PROBLEM DESCRIPTION » Using the listing below, give again exactly the lines from the line with "RX560D-4G 5极 /均有货" to the line with "Предварительный просмотр 3", inclusive, without the pictures.

DATA TO EXAMINE »
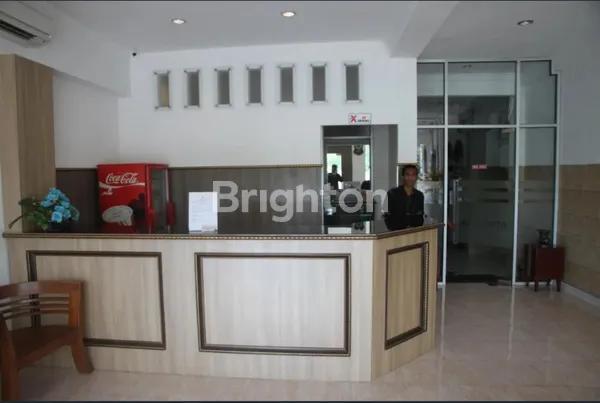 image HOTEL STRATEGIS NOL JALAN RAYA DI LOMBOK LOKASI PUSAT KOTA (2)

==

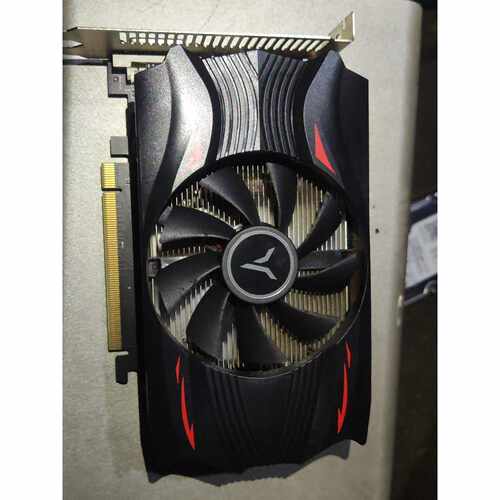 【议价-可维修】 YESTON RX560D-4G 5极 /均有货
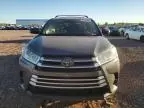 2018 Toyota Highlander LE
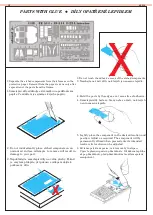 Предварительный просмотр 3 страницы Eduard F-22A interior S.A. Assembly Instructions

* * *

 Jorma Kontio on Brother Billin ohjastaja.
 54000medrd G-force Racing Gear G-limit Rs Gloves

SOLUTION »
 【议价-可维修】 YESTON RX560D-4G 5极 /均有货
 2018 Toyota Highlander LE
 Предварительный просмотр 3 страницы Eduard F-22A interior S.A. Assembly Instructions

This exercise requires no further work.